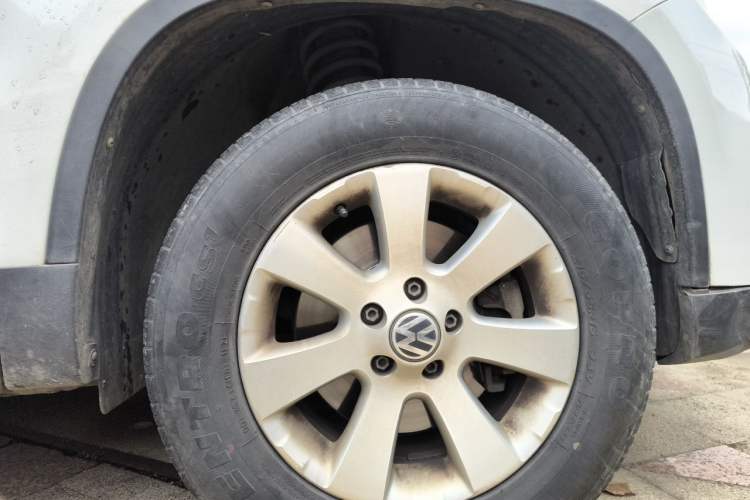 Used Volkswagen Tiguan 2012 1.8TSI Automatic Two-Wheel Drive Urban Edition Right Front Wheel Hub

⁂

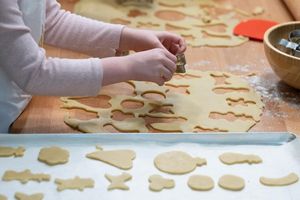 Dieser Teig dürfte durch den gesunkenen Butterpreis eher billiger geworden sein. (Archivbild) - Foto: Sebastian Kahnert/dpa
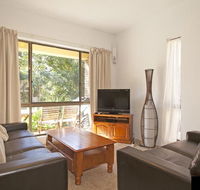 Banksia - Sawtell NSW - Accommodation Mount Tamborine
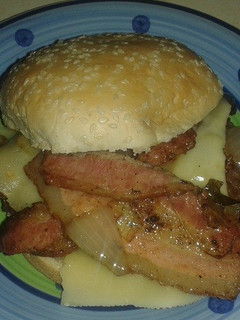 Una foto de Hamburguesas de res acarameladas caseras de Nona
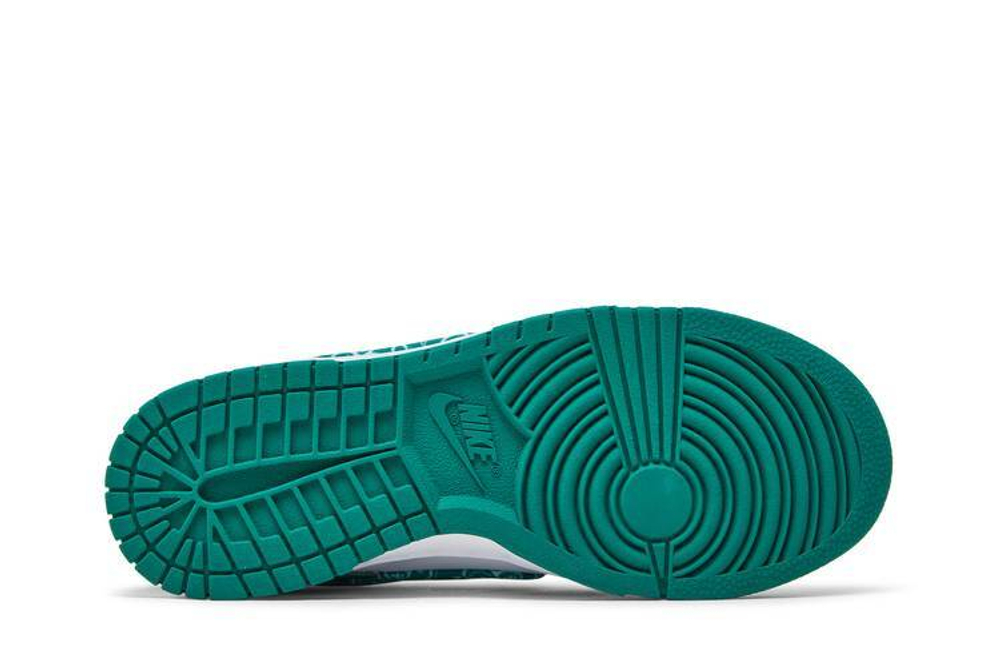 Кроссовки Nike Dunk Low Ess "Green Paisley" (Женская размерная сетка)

⁂

▶ DESCRIPTION OF THE TASK: Within the listing above, extract exactly the lines that run from the one containing "Banksia - Sawtell" through the one containing "Кроссовки Nike Dunk", excluding any pictures.

▶ SOLUTION TO THE EXERCISE:
 Banksia - Sawtell NSW - Accommodation Mount Tamborine
 Una foto de Hamburguesas de res acarameladas caseras de Nona
 Кроссовки Nike Dunk Low Ess "Green Paisley" (Женская размерная сетка)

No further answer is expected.